> **What you will do**
Once the line containing "Dancers & Music Lovers" is found in the records below, return it and each following line exactly, up to and including the line containing "Genshin Impact Freedom-Sworn", and nothing else.

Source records
☆ ☆ ☆ ☆ ☆ ☆ ☆
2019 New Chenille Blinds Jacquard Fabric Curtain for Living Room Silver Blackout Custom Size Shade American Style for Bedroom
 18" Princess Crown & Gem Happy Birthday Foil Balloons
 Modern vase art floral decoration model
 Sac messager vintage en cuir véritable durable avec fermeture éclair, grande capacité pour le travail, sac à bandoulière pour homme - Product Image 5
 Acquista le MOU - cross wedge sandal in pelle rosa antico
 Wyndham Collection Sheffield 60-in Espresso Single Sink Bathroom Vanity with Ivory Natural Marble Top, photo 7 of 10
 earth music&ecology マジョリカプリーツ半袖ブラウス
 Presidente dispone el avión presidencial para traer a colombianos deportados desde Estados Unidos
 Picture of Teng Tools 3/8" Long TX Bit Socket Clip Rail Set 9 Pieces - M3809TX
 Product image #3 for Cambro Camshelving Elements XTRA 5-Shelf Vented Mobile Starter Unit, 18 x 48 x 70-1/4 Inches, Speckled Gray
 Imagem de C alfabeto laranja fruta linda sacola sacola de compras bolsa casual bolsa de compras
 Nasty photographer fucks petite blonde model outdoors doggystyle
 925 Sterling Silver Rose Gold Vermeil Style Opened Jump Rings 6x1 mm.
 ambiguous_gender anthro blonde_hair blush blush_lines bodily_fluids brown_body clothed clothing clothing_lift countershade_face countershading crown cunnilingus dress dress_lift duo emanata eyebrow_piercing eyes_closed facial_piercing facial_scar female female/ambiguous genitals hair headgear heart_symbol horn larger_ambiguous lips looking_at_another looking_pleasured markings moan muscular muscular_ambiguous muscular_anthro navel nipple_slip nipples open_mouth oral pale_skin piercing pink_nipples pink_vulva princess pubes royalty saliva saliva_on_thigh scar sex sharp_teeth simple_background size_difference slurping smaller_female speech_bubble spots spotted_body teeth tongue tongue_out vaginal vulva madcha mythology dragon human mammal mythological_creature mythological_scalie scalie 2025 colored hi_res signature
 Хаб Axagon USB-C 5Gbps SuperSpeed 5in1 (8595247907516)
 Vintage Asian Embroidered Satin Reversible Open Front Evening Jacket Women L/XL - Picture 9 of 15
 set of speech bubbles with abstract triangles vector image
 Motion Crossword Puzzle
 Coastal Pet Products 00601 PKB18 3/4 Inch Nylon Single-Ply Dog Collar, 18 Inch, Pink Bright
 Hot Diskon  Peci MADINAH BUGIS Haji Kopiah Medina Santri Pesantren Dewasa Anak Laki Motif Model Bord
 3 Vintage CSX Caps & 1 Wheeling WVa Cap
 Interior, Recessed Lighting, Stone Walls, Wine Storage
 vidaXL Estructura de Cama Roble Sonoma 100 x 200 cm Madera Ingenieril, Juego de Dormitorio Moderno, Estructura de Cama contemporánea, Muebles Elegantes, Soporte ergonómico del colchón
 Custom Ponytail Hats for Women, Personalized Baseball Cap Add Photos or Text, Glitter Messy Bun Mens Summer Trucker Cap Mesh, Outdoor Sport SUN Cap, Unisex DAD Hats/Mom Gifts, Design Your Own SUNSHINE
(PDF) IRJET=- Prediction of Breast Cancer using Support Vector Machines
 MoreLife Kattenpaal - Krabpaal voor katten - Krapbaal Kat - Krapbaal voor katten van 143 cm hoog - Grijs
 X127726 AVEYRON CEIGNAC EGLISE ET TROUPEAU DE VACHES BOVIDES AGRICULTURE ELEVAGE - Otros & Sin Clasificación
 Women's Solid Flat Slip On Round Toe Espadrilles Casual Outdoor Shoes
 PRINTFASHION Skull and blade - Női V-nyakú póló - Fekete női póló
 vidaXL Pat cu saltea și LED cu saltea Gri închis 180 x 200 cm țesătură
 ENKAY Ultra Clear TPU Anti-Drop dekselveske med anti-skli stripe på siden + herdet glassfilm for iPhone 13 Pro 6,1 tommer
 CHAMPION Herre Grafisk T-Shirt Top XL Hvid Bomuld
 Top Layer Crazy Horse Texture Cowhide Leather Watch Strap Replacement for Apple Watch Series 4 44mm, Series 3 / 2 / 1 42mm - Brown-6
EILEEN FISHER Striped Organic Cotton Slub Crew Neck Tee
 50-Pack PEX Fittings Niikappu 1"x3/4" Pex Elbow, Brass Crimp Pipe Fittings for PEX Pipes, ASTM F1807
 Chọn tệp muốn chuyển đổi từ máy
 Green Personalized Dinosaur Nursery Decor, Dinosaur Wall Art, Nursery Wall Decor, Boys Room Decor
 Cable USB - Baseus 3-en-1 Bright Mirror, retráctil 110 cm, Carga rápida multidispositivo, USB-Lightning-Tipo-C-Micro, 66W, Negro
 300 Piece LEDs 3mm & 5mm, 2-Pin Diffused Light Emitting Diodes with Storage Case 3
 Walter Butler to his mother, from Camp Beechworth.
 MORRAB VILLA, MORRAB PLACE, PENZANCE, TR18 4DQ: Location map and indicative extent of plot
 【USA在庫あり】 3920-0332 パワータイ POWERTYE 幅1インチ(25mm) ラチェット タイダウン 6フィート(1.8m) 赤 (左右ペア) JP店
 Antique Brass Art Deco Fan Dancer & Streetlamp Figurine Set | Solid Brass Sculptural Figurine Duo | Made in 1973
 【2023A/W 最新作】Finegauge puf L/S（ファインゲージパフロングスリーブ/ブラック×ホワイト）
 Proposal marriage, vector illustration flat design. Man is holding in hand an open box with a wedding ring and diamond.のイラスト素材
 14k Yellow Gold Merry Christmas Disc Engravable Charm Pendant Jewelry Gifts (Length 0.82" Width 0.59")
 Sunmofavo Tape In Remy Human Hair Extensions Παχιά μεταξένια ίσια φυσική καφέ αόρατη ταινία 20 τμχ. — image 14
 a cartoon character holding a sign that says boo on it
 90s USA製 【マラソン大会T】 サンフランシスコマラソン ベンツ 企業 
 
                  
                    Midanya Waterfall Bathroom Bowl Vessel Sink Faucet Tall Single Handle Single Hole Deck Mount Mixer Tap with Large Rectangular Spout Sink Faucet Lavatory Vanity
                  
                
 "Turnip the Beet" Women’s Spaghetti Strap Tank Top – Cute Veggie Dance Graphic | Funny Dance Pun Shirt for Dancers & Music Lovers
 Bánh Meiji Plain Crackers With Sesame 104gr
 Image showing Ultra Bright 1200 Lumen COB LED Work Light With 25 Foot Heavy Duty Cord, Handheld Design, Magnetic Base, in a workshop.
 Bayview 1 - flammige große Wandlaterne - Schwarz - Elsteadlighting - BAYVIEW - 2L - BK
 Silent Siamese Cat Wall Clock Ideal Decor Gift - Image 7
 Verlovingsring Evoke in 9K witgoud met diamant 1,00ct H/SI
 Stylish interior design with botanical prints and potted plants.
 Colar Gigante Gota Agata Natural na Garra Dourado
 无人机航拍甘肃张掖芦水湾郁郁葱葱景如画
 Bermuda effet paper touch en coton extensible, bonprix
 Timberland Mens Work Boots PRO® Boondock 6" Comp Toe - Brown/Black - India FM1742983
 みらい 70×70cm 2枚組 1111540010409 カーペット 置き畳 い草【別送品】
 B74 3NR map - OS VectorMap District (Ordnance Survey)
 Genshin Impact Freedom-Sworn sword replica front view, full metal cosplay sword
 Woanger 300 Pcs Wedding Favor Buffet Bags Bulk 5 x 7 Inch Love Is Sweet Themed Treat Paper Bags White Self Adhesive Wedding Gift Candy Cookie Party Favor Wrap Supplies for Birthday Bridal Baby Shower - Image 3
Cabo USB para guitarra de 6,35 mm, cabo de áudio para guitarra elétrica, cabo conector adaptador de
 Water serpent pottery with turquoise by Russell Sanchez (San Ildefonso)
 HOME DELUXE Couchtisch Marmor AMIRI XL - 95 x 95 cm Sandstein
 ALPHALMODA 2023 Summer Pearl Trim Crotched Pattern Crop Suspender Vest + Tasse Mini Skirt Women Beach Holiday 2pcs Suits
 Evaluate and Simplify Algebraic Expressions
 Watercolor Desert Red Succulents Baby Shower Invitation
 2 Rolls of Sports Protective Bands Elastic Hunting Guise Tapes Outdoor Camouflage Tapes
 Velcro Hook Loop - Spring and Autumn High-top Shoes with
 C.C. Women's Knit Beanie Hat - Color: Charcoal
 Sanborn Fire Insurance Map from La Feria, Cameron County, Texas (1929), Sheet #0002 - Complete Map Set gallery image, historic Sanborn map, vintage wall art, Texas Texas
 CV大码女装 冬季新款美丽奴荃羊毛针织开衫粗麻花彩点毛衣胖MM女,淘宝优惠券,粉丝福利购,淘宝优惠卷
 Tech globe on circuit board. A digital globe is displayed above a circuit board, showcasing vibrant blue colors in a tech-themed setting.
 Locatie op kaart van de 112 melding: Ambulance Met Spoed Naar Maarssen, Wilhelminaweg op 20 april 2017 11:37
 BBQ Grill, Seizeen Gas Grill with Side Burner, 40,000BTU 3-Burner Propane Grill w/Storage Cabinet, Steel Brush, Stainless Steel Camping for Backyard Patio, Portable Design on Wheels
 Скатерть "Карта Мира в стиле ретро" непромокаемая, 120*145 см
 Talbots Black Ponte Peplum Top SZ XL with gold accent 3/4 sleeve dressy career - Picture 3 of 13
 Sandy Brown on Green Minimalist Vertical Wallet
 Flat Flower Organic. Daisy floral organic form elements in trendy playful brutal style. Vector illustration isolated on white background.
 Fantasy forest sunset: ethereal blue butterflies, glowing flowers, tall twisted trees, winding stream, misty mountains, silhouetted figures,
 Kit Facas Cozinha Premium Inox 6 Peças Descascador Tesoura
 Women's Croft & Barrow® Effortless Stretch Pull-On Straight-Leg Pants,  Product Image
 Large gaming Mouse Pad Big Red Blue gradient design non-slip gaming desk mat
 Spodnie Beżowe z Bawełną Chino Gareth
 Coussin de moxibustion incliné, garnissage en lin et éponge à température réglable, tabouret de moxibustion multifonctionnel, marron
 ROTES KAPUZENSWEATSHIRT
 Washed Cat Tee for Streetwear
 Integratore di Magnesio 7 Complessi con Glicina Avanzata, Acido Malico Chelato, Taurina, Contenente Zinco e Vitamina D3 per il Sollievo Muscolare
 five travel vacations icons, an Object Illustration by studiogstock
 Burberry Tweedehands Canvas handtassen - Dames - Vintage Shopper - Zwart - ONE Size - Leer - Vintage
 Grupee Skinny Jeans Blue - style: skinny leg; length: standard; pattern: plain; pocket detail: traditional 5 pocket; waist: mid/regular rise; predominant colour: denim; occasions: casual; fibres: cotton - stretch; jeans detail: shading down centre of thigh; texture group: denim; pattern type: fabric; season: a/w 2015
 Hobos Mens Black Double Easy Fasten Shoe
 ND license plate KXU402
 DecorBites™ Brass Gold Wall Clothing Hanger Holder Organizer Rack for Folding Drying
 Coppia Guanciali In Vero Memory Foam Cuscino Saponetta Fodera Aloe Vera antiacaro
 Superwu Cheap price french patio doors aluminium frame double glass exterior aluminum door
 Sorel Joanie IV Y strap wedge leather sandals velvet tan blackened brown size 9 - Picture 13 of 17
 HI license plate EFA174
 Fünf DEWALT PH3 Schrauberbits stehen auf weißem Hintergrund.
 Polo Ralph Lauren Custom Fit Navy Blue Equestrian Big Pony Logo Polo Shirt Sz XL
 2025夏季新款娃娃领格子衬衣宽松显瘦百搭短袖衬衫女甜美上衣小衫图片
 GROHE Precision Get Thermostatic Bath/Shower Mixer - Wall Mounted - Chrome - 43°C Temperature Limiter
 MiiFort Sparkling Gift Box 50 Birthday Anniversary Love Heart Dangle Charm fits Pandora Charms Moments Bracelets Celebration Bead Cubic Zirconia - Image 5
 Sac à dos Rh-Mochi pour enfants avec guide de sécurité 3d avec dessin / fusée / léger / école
☆ ☆ ☆ ☆ ☆ ☆ ☆
> **Answer box**
 "Turnip the Beet" Women’s Spaghetti Strap Tank Top – Cute Veggie Dance Graphic | Funny Dance Pun Shirt for Dancers & Music Lovers
 Bánh Meiji Plain Crackers With Sesame 104gr
 Image showing Ultra Bright 1200 Lumen COB LED Work Light With 25 Foot Heavy Duty Cord, Handheld Design, Magnetic Base, in a workshop.
 Bayview 1 - flammige große Wandlaterne - Schwarz - Elsteadlighting - BAYVIEW - 2L - BK
 Silent Siamese Cat Wall Clock Ideal Decor Gift - Image 7
 Verlovingsring Evoke in 9K witgoud met diamant 1,00ct H/SI
 Stylish interior design with botanical prints and potted plants.
 Colar Gigante Gota Agata Natural na Garra Dourado
 无人机航拍甘肃张掖芦水湾郁郁葱葱景如画
 Bermuda effet paper touch en coton extensible, bonprix
 Timberland Mens Work Boots PRO® Boondock 6" Comp Toe - Brown/Black - India FM1742983
 みらい 70×70cm 2枚組 1111540010409 カーペット 置き畳 い草【別送品】
 B74 3NR map - OS VectorMap District (Ordnance Survey)
 Genshin Impact Freedom-Sworn sword replica front view, full metal cosplay sword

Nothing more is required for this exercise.